> [EXTRACTED MATERIAL]:
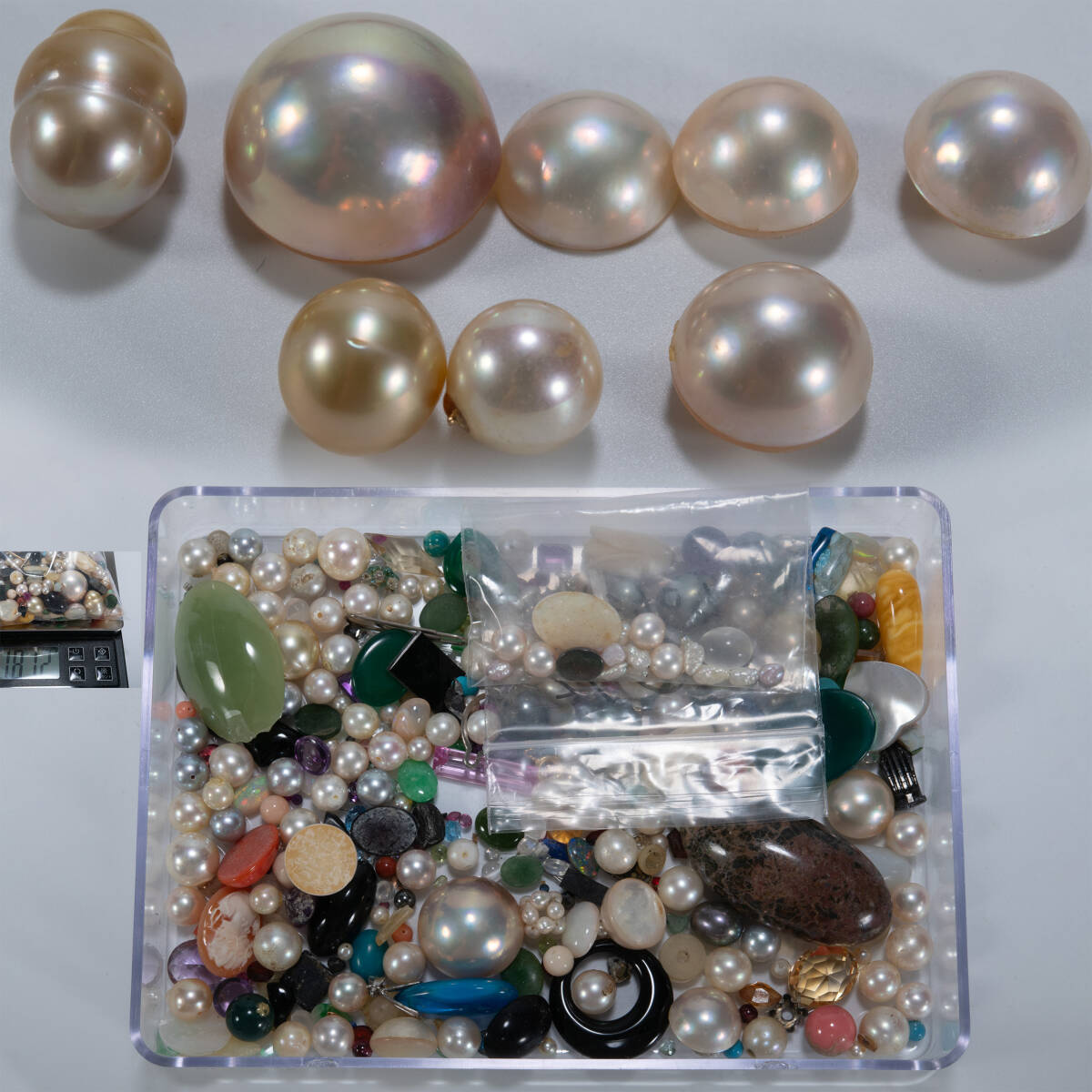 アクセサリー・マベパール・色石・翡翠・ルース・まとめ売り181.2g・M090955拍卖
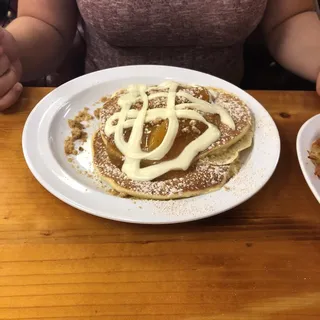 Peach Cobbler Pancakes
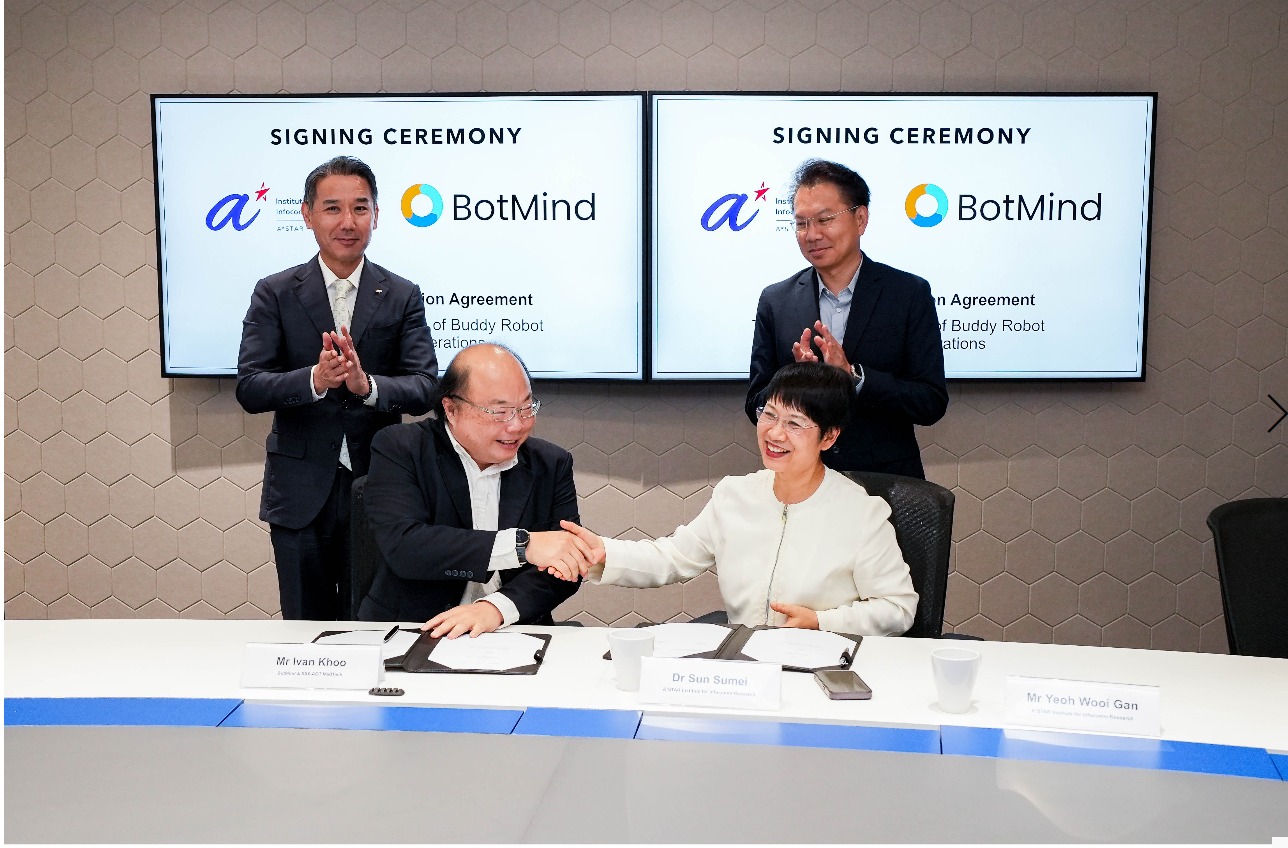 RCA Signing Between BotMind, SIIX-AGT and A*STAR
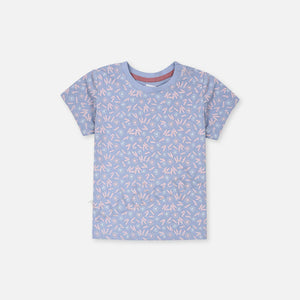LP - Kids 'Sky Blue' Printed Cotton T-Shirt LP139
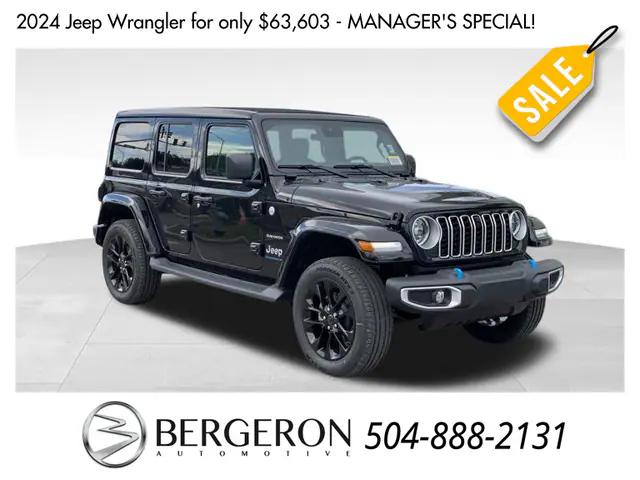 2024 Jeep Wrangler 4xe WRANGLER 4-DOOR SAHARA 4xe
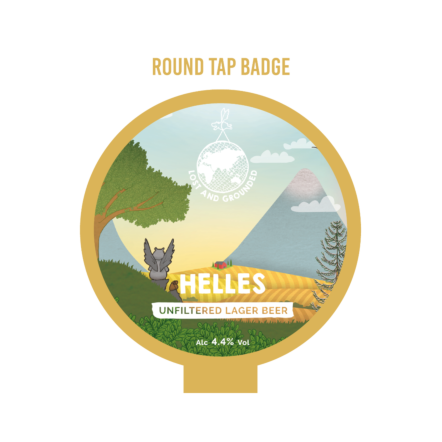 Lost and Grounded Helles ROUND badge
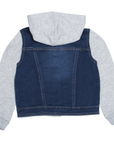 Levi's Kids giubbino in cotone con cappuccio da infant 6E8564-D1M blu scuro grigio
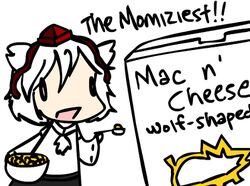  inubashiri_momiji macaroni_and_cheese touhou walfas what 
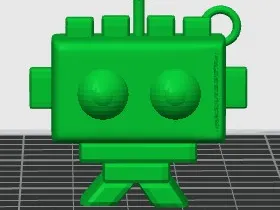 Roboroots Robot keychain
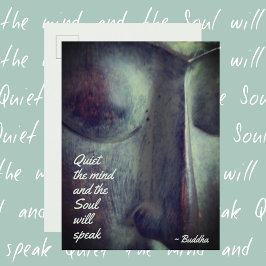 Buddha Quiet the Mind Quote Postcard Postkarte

==

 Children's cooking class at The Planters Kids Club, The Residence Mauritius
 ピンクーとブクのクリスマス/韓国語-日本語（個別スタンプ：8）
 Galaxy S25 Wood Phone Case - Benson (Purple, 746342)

==

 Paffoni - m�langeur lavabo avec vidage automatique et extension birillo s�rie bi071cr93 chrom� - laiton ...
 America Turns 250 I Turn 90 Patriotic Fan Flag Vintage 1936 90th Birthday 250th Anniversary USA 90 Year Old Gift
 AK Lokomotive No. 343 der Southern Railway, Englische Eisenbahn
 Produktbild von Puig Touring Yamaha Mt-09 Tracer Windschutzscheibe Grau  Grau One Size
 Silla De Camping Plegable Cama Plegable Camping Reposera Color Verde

> [WHAT NEEDS TO BE DONE]:
Take the entries above and return only the lines from the one with "Produktbild von Puig" to the one with "Silla De Camping", both included, unchanged.

> [ANSWER TO THE EXERCISE]:
 Produktbild von Puig Touring Yamaha Mt-09 Tracer Windschutzscheibe Grau  Grau One Size
 Silla De Camping Plegable Cama Plegable Camping Reposera Color Verde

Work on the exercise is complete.